Nesta terça-feira, o Ministério da Justiça anunciou a suspensão do transporte de imigrantes do Acre para a cidade de São Paulo. Os estrangeiros só devem voltar a ser levados após ser estabelecida nova estratégia. O governo do Acre diz que a operação está mantida.
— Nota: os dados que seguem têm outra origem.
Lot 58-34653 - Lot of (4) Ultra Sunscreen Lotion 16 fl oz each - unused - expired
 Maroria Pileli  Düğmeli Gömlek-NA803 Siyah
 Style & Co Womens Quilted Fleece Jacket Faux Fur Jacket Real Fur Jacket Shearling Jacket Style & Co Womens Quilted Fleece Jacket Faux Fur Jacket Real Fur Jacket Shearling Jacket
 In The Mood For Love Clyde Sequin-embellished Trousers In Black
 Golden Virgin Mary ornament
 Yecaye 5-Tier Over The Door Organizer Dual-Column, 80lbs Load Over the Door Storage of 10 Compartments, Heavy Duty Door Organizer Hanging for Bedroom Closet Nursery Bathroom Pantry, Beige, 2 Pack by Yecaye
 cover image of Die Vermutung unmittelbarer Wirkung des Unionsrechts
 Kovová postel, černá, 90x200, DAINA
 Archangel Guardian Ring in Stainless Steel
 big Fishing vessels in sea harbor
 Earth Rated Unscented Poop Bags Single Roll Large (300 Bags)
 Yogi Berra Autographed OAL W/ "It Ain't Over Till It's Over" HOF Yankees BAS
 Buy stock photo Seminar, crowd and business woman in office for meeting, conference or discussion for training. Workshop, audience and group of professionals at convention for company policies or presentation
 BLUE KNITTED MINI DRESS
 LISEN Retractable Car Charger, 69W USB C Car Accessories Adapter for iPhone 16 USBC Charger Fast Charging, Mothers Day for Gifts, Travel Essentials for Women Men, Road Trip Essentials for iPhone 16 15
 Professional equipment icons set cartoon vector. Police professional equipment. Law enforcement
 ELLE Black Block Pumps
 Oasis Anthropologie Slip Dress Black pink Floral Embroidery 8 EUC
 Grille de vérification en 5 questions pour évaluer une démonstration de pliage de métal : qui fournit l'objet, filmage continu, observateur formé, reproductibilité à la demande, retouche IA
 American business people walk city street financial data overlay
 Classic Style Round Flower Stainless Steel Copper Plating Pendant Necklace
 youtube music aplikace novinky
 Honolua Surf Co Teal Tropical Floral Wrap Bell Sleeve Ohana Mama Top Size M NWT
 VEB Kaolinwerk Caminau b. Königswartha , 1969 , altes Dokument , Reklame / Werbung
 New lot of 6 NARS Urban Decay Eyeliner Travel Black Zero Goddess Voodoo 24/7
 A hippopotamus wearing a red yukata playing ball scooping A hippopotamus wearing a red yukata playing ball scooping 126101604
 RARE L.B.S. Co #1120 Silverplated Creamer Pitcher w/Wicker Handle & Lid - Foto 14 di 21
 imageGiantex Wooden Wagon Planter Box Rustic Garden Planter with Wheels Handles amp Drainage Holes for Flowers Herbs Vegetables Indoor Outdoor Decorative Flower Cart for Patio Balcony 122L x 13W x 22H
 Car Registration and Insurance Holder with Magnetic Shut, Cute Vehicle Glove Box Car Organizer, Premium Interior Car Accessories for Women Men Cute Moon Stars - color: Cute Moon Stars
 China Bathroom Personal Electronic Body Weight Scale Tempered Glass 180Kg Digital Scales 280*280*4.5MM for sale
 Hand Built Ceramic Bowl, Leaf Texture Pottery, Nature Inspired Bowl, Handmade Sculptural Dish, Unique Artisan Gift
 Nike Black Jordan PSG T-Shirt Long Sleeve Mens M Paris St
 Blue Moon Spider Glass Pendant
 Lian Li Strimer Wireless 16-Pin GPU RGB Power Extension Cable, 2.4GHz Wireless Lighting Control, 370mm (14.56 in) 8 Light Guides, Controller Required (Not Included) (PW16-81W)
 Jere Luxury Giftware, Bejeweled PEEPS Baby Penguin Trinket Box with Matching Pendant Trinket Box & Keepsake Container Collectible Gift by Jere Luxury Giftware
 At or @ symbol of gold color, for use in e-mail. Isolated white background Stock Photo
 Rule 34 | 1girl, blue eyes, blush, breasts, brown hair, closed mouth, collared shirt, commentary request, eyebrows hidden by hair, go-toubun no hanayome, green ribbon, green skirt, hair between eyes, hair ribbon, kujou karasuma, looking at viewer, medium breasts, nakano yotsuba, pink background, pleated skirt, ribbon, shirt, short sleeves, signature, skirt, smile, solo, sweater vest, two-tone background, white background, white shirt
A imigração de haitianos para o Brasil começou a ganhar fôlego em 2010, depois do terremoto que devastou o país e ampliou o cenário de pobreza, desemprego e desesperança. Eles entram no país pelo Acre e Amazonas, mas, depois de solicitar o refúgio, migram para as regiões Sudeste e Sul, onde conseguem mais acesso ao emprego. No Rio Grande do Sul, os imigrantes estão concentrados no interior, em cidades como Encantado, Bento Gonçalves, Caxias do Sul, Lajeado e Passo Fundo, trabalhando principalmente em frigoríficos e na construção civil, setores em que os empresários enfrentavam dificuldades para encontrar mão de obra. A indústria, desde o início, se interessou pela contratação dos imigrantes. A partir de 2015, contudo, os refugiados começaram a permanecer mais em Porto Alegre.
Além dos haitianos, o Brasil e o Rio Grande do Sul também contam com número crescente de imigrantes de Senegal e, em menor escala, Gana, Bangladesh e República Dominicana.
Em 2011, o número de pedidos de refúgio no Brasil, feito junto à Polícia Federal, foram de 3.501. Em 2013, chegaram a 17.927. Já em 2014, somente até o final de julho, as solicitações de abrigo no país estavam em 17.903.
Até agosto do ano passado, as estimativas eram de que cerca de dez mil novos imigrantes - caribenhos e africanos - estavam vivendo no Rio Grande do Sul. Os haitianos estariam em torno de sete mil. Depois, a segunda maior comunidade era a de Senegal.